Data entries:
-*-
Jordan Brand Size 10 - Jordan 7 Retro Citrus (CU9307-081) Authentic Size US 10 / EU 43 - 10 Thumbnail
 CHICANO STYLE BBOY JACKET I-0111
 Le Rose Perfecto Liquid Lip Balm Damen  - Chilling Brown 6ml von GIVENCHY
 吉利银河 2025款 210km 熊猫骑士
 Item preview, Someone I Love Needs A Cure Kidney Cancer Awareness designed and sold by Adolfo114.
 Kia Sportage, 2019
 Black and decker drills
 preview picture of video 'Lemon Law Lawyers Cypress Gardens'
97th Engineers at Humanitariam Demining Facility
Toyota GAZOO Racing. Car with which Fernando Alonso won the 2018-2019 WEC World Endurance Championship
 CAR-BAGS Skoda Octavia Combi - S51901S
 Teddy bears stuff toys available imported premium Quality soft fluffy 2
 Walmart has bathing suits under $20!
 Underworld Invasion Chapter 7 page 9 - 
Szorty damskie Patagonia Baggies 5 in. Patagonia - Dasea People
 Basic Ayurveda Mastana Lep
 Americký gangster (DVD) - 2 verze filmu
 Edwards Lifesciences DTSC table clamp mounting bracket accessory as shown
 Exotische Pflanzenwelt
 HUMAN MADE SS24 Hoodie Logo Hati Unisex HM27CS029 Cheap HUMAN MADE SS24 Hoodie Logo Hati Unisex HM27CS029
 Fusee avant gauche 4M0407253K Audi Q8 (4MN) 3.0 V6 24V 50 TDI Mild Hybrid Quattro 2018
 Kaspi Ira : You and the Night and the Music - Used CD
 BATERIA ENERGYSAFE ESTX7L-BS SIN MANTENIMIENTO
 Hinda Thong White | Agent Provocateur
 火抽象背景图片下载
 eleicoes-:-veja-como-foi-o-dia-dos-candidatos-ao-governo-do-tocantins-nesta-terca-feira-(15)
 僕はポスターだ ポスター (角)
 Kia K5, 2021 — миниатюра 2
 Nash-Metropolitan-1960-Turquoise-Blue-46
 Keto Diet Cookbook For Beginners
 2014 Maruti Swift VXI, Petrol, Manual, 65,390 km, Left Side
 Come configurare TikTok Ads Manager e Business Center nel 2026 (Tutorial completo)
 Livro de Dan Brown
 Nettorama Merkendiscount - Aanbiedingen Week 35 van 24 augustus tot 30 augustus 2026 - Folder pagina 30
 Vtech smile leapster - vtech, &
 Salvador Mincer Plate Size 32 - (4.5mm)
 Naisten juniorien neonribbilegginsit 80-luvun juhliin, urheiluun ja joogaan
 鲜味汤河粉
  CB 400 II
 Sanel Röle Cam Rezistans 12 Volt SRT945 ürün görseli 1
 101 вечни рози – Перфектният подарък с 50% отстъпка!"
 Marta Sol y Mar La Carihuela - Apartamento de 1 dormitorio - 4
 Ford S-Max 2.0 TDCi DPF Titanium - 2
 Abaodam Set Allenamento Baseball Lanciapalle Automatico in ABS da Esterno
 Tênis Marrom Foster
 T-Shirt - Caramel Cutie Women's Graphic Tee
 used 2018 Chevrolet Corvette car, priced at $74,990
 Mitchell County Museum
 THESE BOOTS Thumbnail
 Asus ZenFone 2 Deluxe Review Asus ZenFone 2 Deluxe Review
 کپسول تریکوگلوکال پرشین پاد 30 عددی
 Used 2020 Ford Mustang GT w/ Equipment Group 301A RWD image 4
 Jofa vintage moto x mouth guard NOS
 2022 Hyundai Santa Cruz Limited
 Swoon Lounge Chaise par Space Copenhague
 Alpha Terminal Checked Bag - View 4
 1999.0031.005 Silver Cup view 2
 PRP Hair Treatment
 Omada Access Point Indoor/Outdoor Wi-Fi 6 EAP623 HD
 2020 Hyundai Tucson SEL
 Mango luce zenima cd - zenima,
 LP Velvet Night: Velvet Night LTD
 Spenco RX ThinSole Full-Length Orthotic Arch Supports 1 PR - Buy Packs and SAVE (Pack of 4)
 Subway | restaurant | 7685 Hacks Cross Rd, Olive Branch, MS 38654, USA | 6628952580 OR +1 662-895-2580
-*-
:: BRIEF ::
This exercise requires all the entries to be written out again exactly.

:: WRITTEN SOLUTION ::
Jordan Brand Size 10 - Jordan 7 Retro Citrus (CU9307-081) Authentic Size US 10 / EU 43 - 10 Thumbnail
 CHICANO STYLE BBOY JACKET I-0111
 Le Rose Perfecto Liquid Lip Balm Damen  - Chilling Brown 6ml von GIVENCHY
 吉利银河 2025款 210km 熊猫骑士
 Item preview, Someone I Love Needs A Cure Kidney Cancer Awareness designed and sold by Adolfo114.
 Kia Sportage, 2019
 Black and decker drills
 preview picture of video 'Lemon Law Lawyers Cypress Gardens'
97th Engineers at Humanitariam Demining Facility
Toyota GAZOO Racing. Car with which Fernando Alonso won the 2018-2019 WEC World Endurance Championship
 CAR-BAGS Skoda Octavia Combi - S51901S
 Teddy bears stuff toys available imported premium Quality soft fluffy 2
 Walmart has bathing suits under $20!
 Underworld Invasion Chapter 7 page 9 - 
Szorty damskie Patagonia Baggies 5 in. Patagonia - Dasea People
 Basic Ayurveda Mastana Lep
 Americký gangster (DVD) - 2 verze filmu
 Edwards Lifesciences DTSC table clamp mounting bracket accessory as shown
 Exotische Pflanzenwelt
 HUMAN MADE SS24 Hoodie Logo Hati Unisex HM27CS029 Cheap HUMAN MADE SS24 Hoodie Logo Hati Unisex HM27CS029
 Fusee avant gauche 4M0407253K Audi Q8 (4MN) 3.0 V6 24V 50 TDI Mild Hybrid Quattro 2018
 Kaspi Ira : You and the Night and the Music - Used CD
 BATERIA ENERGYSAFE ESTX7L-BS SIN MANTENIMIENTO
 Hinda Thong White | Agent Provocateur
 火抽象背景图片下载
 eleicoes-:-veja-como-foi-o-dia-dos-candidatos-ao-governo-do-tocantins-nesta-terca-feira-(15)
 僕はポスターだ ポスター (角)
 Kia K5, 2021 — миниатюра 2
 Nash-Metropolitan-1960-Turquoise-Blue-46
 Keto Diet Cookbook For Beginners
 2014 Maruti Swift VXI, Petrol, Manual, 65,390 km, Left Side
 Come configurare TikTok Ads Manager e Business Center nel 2026 (Tutorial completo)
 Livro de Dan Brown
 Nettorama Merkendiscount - Aanbiedingen Week 35 van 24 augustus tot 30 augustus 2026 - Folder pagina 30
 Vtech smile leapster - vtech, &
 Salvador Mincer Plate Size 32 - (4.5mm)
 Naisten juniorien neonribbilegginsit 80-luvun juhliin, urheiluun ja joogaan
 鲜味汤河粉
  CB 400 II
 Sanel Röle Cam Rezistans 12 Volt SRT945 ürün görseli 1
 101 вечни рози – Перфектният подарък с 50% отстъпка!"
 Marta Sol y Mar La Carihuela - Apartamento de 1 dormitorio - 4
 Ford S-Max 2.0 TDCi DPF Titanium - 2
 Abaodam Set Allenamento Baseball Lanciapalle Automatico in ABS da Esterno
 Tênis Marrom Foster
 T-Shirt - Caramel Cutie Women's Graphic Tee
 used 2018 Chevrolet Corvette car, priced at $74,990
 Mitchell County Museum
 THESE BOOTS Thumbnail
 Asus ZenFone 2 Deluxe Review Asus ZenFone 2 Deluxe Review
 کپسول تریکوگلوکال پرشین پاد 30 عددی
 Used 2020 Ford Mustang GT w/ Equipment Group 301A RWD image 4
 Jofa vintage moto x mouth guard NOS
 2022 Hyundai Santa Cruz Limited
 Swoon Lounge Chaise par Space Copenhague
 Alpha Terminal Checked Bag - View 4
 1999.0031.005 Silver Cup view 2
 PRP Hair Treatment
 Omada Access Point Indoor/Outdoor Wi-Fi 6 EAP623 HD
 2020 Hyundai Tucson SEL
 Mango luce zenima cd - zenima,
 LP Velvet Night: Velvet Night LTD
 Spenco RX ThinSole Full-Length Orthotic Arch Supports 1 PR - Buy Packs and SAVE (Pack of 4)
 Subway | restaurant | 7685 Hacks Cross Rd, Olive Branch, MS 38654, USA | 6628952580 OR +1 662-895-2580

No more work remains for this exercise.